A photosensitive film containing a photosensitive resin composition,
The photosensitive resin composition is
(A) a resin containing an ethylenically unsaturated group and a carboxyl group,
(B) photopolymerization initiator,
A photosensitive resin composition containing (C) an epoxy resin and (D) a volatile component,
(D) The volatile component is a combination of an organic solvent with a boiling point of 100°C or more and 300°C or less, and an organic solvent with a boiling point of less than 100°C, and at least one selected from the group consisting of ketones and esters. including one;
A 10 cm x 10 cm photosensitive resin composition layer on a PET film containing a photosensitive resin composition, having a content of volatile components (D) of 5% by mass or less, and a thickness of 25 μm after drying. The weight loss rate (%) when dried in an oven at 180 °C for 15 minutes is a, and the weight loss rate (%) when the photosensitive resin composition layer is dried in an oven at 180 °C for 15 minutes is b. A photosensitive film that satisfies the following equations (1) and (2) when:
V=a ² +b ² However, V≦30 (1)
a/b≦0.6 (2) The photosensitive film according to claim 1, further comprising (F) an inorganic filler. The photosensitive film according to claim 1 or 2, wherein component (A) contains an acid-modified unsaturated epoxy ester resin. The photosensitive film according to any one of claims 1 to 3, wherein component (A) contains acid-modified epoxy (meth)acrylate.
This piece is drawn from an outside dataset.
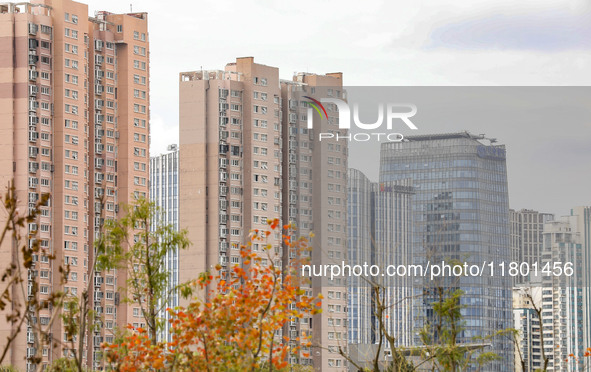 The photo shows real estate in the urban area of Huai 'an City, Jiangsu Province, China, on November 18, 2024. 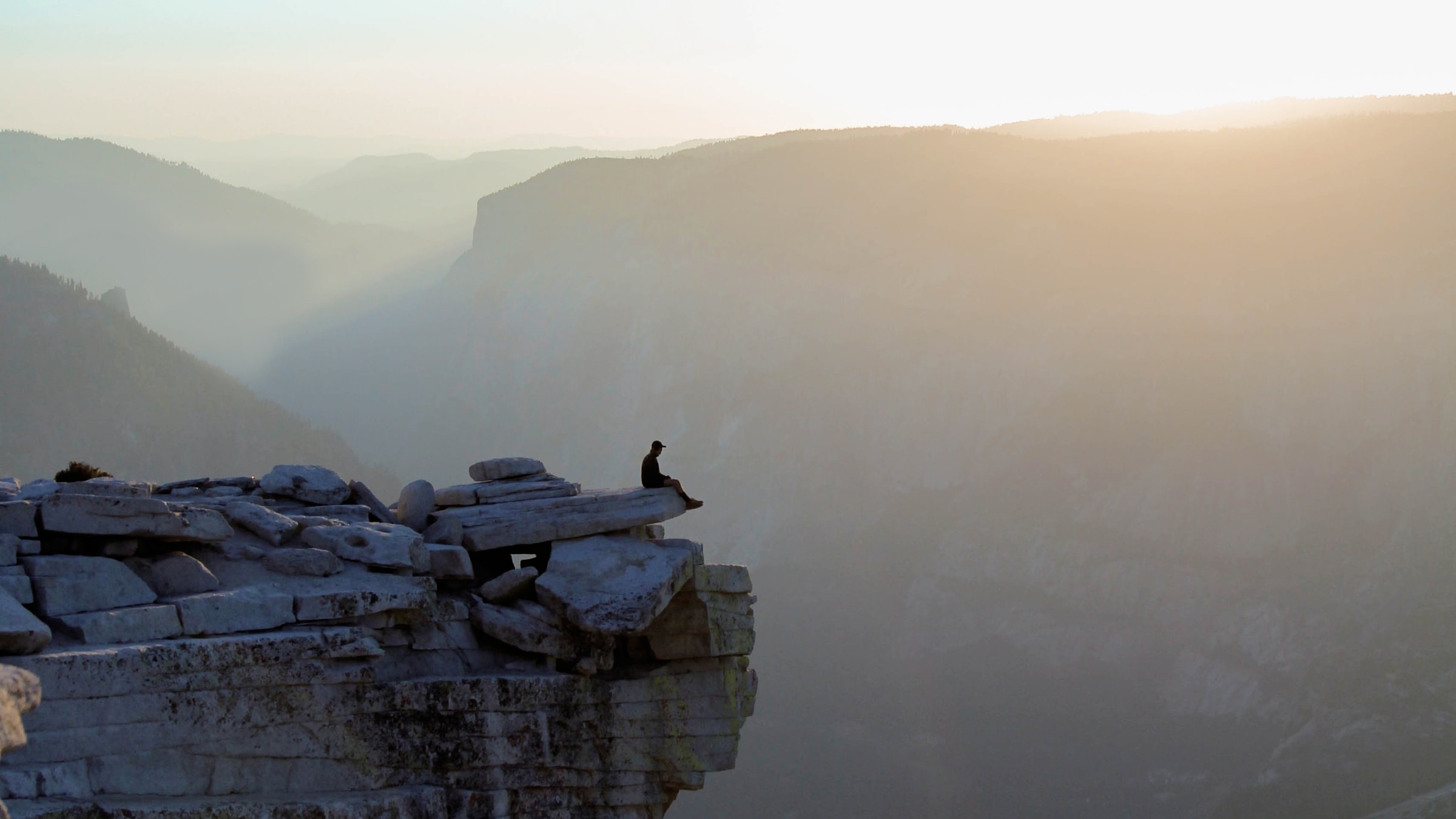 man on cliff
The photosensitive film according to any one of claims 1 to 4, wherein the component (A) contains either an acid-modified naphthalene skeleton-containing epoxy (meth)acrylate or an acid-modified bisphenol skeleton-containing epoxy (meth)acrylate. . 6. The photosensitive film according to claim 1, wherein component (B) contains either an acylphosphine oxide photopolymerization initiator or an oxime ester photopolymerization initiator. The photosensitive film according to any one of claims 1 to 6, wherein component (D) contains ketones and glycol ethers. A photosensitive film with a support, comprising a support and the photosensitive film according to any one of claims 1 to 7 provided on the support. A printed wiring board comprising an insulating layer which is a cured product of the photosensitive film according to any one of claims 1 to 7. The printed wiring board according to claim 9, wherein the insulating layer is a solder resist. A semiconductor device comprising the printed wiring board according to claim 9 or 10.